(Data in this exercise begins)

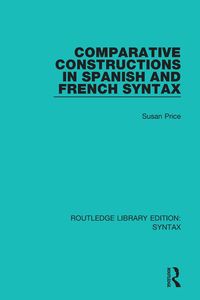 Produktbild: Comparative Constructions in Spanish and French Syntax
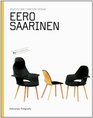 Eero Saarinen Objects and Furniture Design By Architects Series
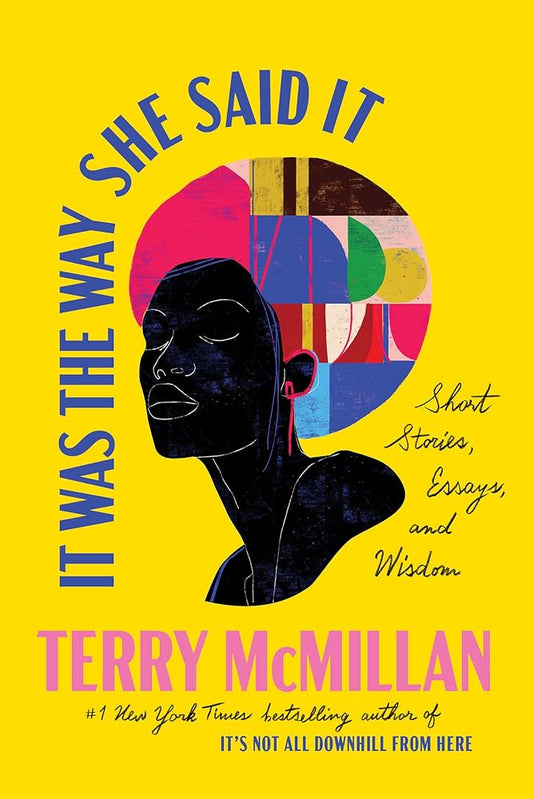 It Was the Way She Said It: Short Stories, Essays, and Wisdom cover image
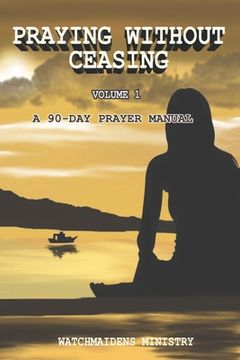 portada Praying Without Ceasing: A 90-Day Prayer Manual (en Inglés)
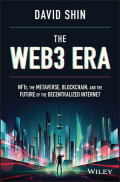 The Web3: Era NFTs, the Metaverse, Blockchain, and the Future of the Decentralized Internet (ebook)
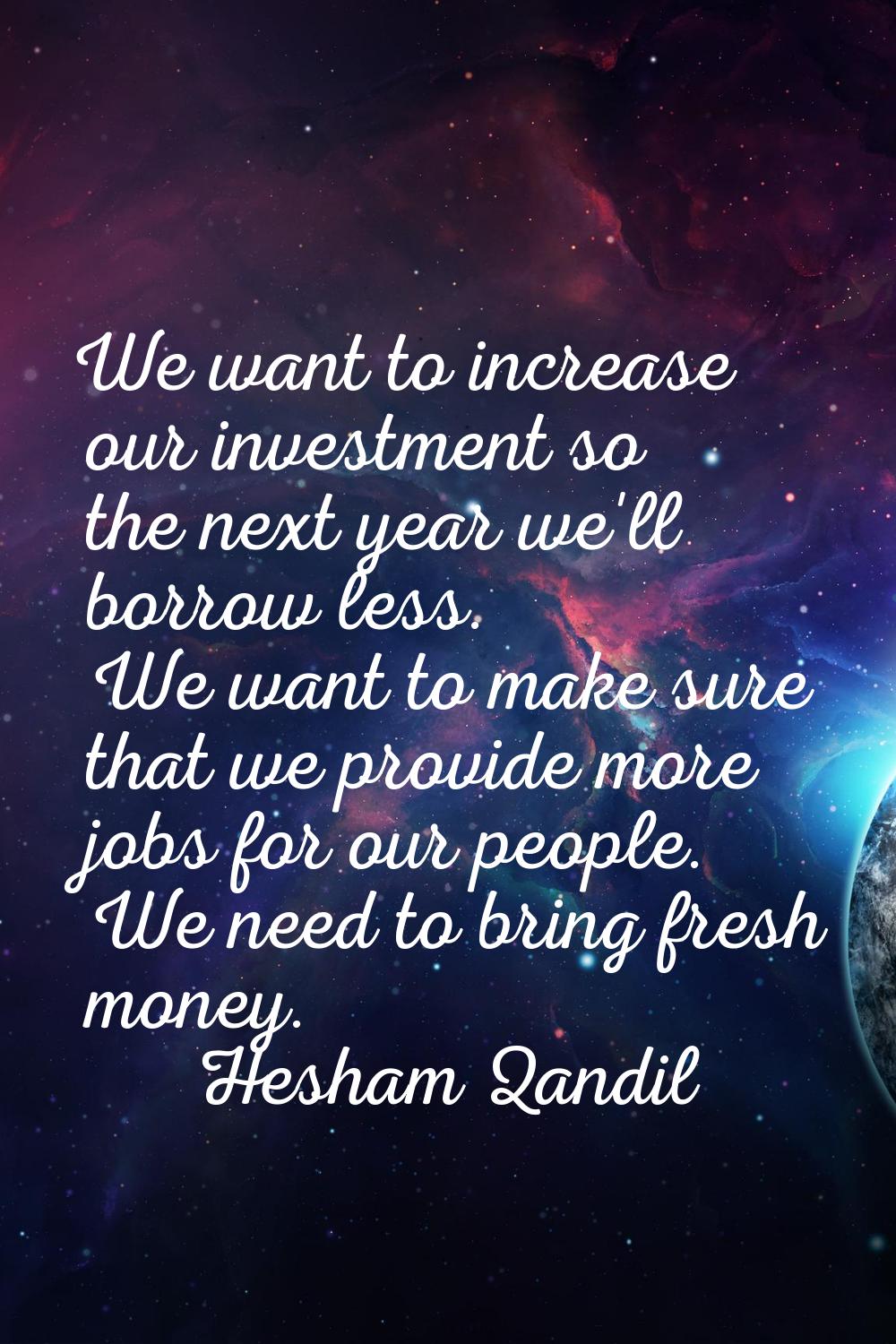 We want to increase our investment so the next year we'll borrow less. We want to make sure that we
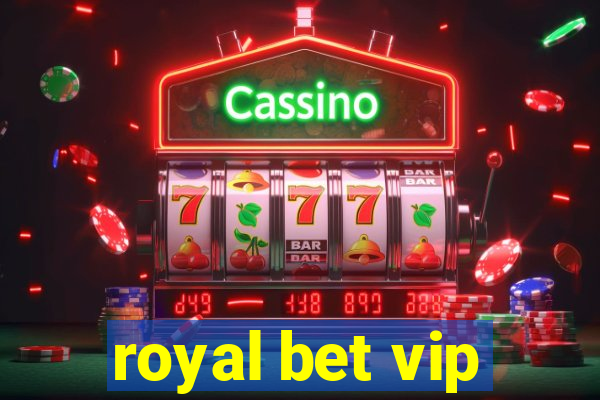 royal bet vip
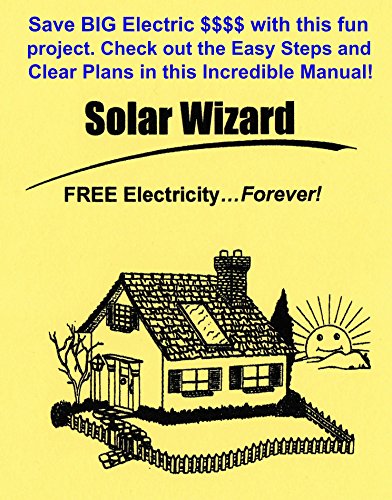 The Solar Wizard: FREE Electricity - Forever! Let the Sun do the work - Go GREEN!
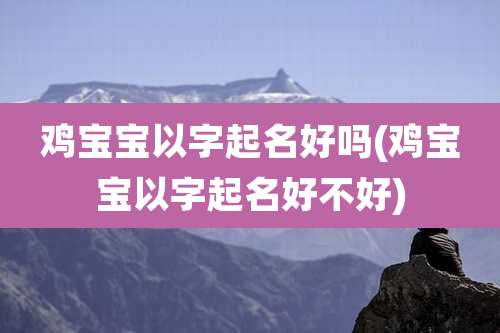 鸡宝宝以字起名好吗(鸡宝宝以字起名好不好)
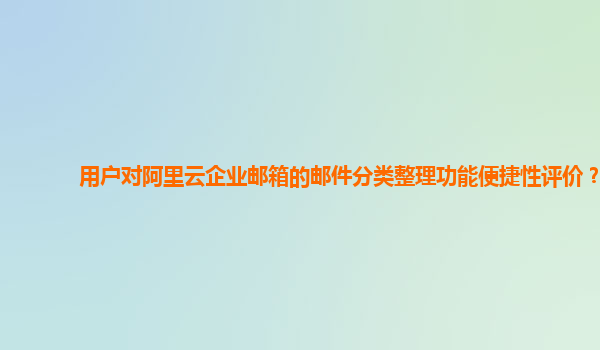 用户对阿里云企业邮箱的邮件分类整理功能便捷性评价？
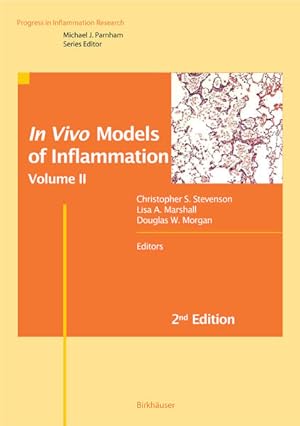 Immagine del venditore per In Vivo Models of Inflammation. Vol. 2. venduto da Antiquariat Thomas Haker GmbH & Co. KG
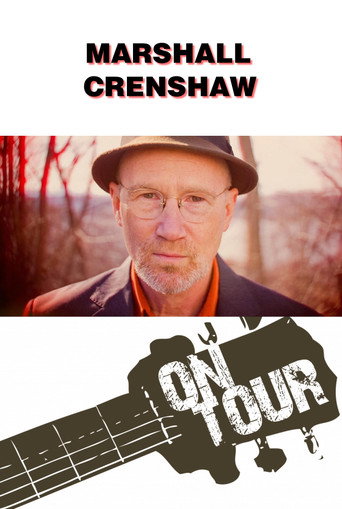 On Tour: Marshall Crenshaw movie poster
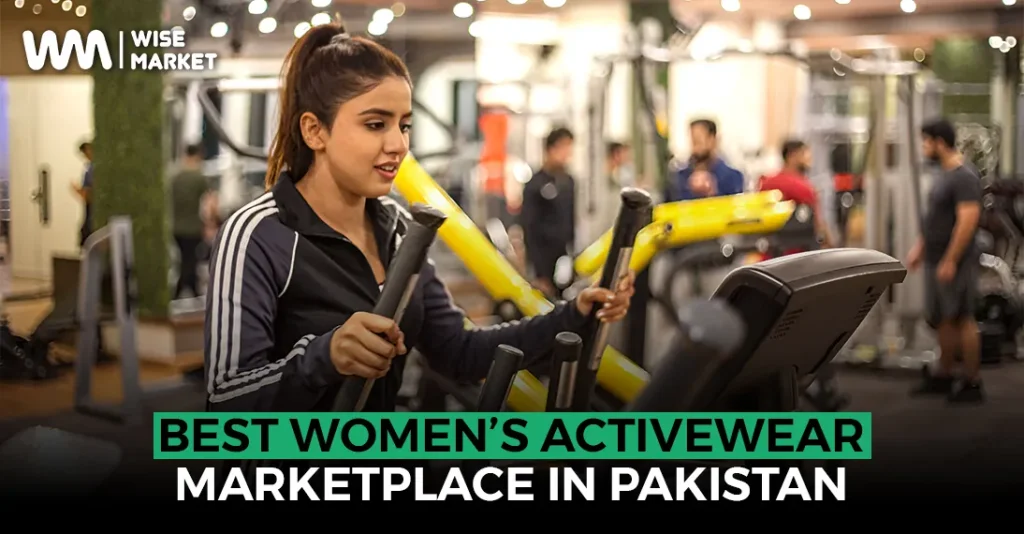 Best Fashion Activewear Marketplace for Women in Pakistan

(Data in this exercise ends)

The problem >> The material must be returned exactly, with its pictures omitted.

Written solution >>
 Produktbild: Comparative Constructions in Spanish and French Syntax
 Eero Saarinen Objects and Furniture Design By Architects Series
 It Was the Way She Said It: Short Stories, Essays, and Wisdom cover image
 portada Praying Without Ceasing: A 90-Day Prayer Manual (en Inglés)
 The Web3: Era NFTs, the Metaverse, Blockchain, and the Future of the Decentralized Internet (ebook)
 We want to increase our investment so the next year we'll borrow less. We want to make sure that we
 royal bet vip
 The Solar Wizard: FREE Electricity - Forever! Let the Sun do the work - Go GREEN!
 鸡宝宝以字起名好吗(鸡宝宝以字起名好不好)
 用户对阿里云企业邮箱的邮件分类整理功能便捷性评价？
 Immagine del venditore per In Vivo Models of Inflammation. Vol. 2. venduto da Antiquariat Thomas Haker GmbH & Co. KG
 On Tour: Marshall Crenshaw movie poster
 Best Fashion Activewear Marketplace for Women in Pakistan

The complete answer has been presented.